I’m curious whether anyone can describe the ups and downs of working as an editor at a literary journal. What are the pains? Are 90 percent of the submitted pieces horrible, or is it really hard to decide?
I was a poetry editor on a literary journal long ago and it was a lot of fun for about a year. I’d say 95% of the submissions were terrible and we all fought like six year olds about which of the remaining 5% to include. Certainly, YMMV.
More than 90% are horrible, unless you have a pre-screener, which I did a couple of times.
This was in poetry.
Sometimes, it was hard to figure out if something was hitting right (or wrong) because of my own idiosyncratic reading or because it was actually good, but more often it was very easy to separate the good from the bad, and then it became a matter of separating the very very good from the not quite as good.
From my experiences with the slush pile, I’d say 97% is utterly unpublishable, 2% is readable but boring, and 1% had good potential.
Could any of you three give a rough picture of what a poem from the bad pile might be? Like, are we talking teenage angst, trite love poems, etc?

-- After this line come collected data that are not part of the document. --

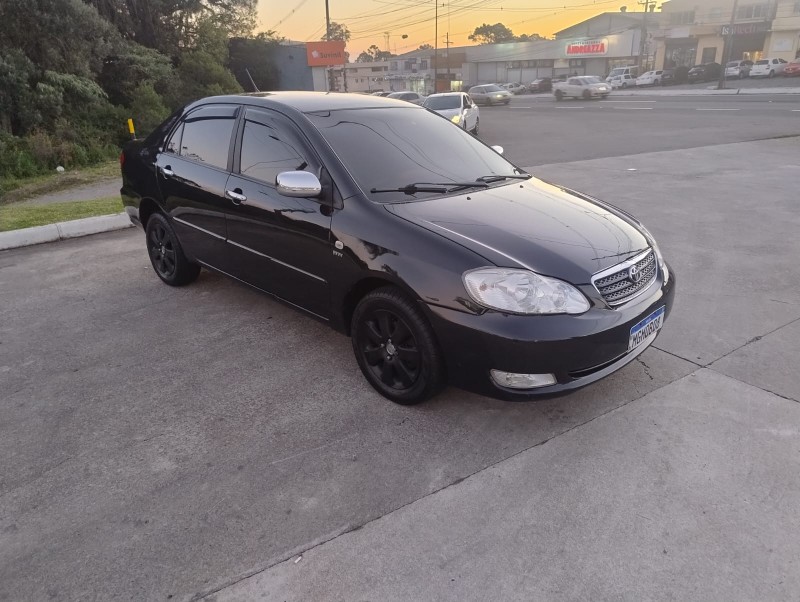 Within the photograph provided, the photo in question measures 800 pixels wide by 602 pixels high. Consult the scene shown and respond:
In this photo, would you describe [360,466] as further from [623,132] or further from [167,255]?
[623,132]

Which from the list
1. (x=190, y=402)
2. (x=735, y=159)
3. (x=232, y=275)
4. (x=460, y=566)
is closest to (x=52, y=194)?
(x=232, y=275)

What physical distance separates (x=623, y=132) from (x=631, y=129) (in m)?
0.96

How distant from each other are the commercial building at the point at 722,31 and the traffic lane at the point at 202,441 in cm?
5928

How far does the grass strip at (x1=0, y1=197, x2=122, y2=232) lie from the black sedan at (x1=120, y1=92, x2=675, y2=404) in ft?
12.1

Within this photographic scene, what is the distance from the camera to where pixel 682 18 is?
65.1 meters

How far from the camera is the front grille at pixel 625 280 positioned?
307 cm

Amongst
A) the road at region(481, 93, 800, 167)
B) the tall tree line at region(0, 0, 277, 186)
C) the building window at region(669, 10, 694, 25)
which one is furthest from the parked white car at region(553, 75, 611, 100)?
the building window at region(669, 10, 694, 25)

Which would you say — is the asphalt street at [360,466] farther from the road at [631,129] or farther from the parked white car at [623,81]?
the parked white car at [623,81]

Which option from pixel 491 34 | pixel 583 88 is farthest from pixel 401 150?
pixel 491 34

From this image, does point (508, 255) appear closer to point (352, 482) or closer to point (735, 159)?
point (352, 482)

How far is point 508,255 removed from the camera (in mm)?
3047

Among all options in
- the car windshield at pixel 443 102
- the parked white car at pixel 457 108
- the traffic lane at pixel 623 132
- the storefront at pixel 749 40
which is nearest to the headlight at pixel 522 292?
the traffic lane at pixel 623 132

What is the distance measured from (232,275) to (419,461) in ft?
7.68

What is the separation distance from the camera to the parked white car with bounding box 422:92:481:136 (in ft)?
56.1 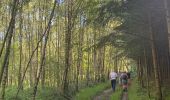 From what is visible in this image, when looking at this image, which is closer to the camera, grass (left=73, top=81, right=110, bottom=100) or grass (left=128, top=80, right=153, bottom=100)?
grass (left=128, top=80, right=153, bottom=100)

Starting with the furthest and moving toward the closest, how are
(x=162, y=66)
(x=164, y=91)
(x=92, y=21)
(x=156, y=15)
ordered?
(x=162, y=66), (x=164, y=91), (x=156, y=15), (x=92, y=21)

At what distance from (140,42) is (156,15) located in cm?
246

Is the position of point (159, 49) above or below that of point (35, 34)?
below

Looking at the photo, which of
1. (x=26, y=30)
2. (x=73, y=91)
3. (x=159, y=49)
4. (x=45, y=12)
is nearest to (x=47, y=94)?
(x=73, y=91)

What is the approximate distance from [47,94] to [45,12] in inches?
400

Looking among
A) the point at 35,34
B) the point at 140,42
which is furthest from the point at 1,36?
the point at 140,42

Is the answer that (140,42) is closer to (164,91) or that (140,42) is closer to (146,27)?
(146,27)

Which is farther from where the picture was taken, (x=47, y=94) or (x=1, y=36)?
(x=1, y=36)

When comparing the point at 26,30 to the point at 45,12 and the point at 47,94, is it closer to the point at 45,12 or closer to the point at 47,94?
the point at 45,12

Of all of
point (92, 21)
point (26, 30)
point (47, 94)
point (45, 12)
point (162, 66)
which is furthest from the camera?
point (26, 30)

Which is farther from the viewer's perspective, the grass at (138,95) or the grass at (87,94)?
the grass at (87,94)

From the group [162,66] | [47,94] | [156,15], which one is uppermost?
[156,15]

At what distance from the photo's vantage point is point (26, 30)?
1612 inches

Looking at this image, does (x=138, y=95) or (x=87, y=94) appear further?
(x=87, y=94) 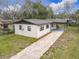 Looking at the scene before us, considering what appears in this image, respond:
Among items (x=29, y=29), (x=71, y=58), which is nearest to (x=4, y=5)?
(x=29, y=29)

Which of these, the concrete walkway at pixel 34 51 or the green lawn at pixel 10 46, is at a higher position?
the green lawn at pixel 10 46

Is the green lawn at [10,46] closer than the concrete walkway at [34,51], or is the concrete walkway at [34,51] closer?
the concrete walkway at [34,51]

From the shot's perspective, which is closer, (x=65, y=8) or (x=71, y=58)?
(x=71, y=58)

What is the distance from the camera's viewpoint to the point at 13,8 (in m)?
39.2

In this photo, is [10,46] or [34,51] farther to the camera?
[10,46]

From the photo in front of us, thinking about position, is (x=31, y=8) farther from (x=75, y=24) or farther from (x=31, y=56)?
(x=31, y=56)

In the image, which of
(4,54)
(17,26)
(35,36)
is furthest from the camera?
Answer: (17,26)

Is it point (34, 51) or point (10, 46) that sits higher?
point (10, 46)

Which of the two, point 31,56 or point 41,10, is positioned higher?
point 41,10

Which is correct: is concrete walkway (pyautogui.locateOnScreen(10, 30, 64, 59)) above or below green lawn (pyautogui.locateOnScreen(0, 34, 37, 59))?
below

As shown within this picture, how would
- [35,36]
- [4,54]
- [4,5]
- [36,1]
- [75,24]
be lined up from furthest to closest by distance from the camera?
[36,1] → [75,24] → [4,5] → [35,36] → [4,54]

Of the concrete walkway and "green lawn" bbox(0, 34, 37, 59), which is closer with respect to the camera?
the concrete walkway

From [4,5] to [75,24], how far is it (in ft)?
80.7

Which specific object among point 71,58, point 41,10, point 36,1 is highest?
point 36,1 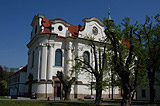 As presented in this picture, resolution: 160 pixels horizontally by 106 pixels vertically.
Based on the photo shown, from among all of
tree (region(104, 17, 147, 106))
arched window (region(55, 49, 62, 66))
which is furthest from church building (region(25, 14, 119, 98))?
tree (region(104, 17, 147, 106))

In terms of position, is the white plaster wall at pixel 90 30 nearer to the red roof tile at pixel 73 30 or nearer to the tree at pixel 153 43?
the red roof tile at pixel 73 30

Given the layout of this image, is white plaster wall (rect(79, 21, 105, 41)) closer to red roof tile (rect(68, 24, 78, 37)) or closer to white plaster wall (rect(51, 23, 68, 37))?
red roof tile (rect(68, 24, 78, 37))

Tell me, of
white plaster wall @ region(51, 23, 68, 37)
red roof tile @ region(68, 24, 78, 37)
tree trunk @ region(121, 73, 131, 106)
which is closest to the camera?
tree trunk @ region(121, 73, 131, 106)

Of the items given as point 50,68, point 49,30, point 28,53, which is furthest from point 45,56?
point 28,53

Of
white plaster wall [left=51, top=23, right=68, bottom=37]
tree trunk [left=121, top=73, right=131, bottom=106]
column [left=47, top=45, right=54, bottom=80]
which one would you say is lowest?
tree trunk [left=121, top=73, right=131, bottom=106]

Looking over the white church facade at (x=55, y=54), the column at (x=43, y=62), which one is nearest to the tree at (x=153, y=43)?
the white church facade at (x=55, y=54)

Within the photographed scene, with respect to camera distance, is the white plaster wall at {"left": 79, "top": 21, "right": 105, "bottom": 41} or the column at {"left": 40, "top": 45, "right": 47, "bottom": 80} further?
the white plaster wall at {"left": 79, "top": 21, "right": 105, "bottom": 41}

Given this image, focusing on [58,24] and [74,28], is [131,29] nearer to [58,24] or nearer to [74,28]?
[58,24]

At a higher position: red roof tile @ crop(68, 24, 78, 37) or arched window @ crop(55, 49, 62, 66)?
Result: red roof tile @ crop(68, 24, 78, 37)

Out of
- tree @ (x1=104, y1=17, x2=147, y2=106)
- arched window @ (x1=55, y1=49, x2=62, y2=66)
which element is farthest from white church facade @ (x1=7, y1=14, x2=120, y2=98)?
tree @ (x1=104, y1=17, x2=147, y2=106)

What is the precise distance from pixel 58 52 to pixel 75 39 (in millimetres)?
4529

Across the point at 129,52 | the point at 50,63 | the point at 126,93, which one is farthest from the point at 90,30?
the point at 126,93

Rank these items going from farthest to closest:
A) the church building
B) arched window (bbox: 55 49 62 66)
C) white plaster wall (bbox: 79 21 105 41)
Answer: white plaster wall (bbox: 79 21 105 41), arched window (bbox: 55 49 62 66), the church building

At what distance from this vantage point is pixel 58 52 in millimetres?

Something with tildes in the title.
I’m formalism-friendly, so I would tend to get hammered with super-trite rhymes, appalling sonnets or villanelles, or ballad meter. Just shoot me.
Capitalized nouns like Darkness, emphasis on emotions and abstractions and often pathos, idiosyncratic spacing and lineation that seemed to serve no real purpose, boring diary entries, etc.
Most of my experience is with short fiction. For me, there were three basic types of bad (often overlapping, not counting competent but boring):
- Unreadable, incoherent crap
- The window into a very disturbed mind (not interesting, just crazy)
- A sort of nonsensical dullness that never went anywhere but took itself seriously (the author had nothing to say and no idea how to say it)
Ah, you’ve been reading my oeuvre!
As somebody who has read your oeuvre, I just want to take the opportunity to say that if I were an editor of a literary journal, I’d publish your work in every issue.
What a lovely thing to say, pepper. Thank you.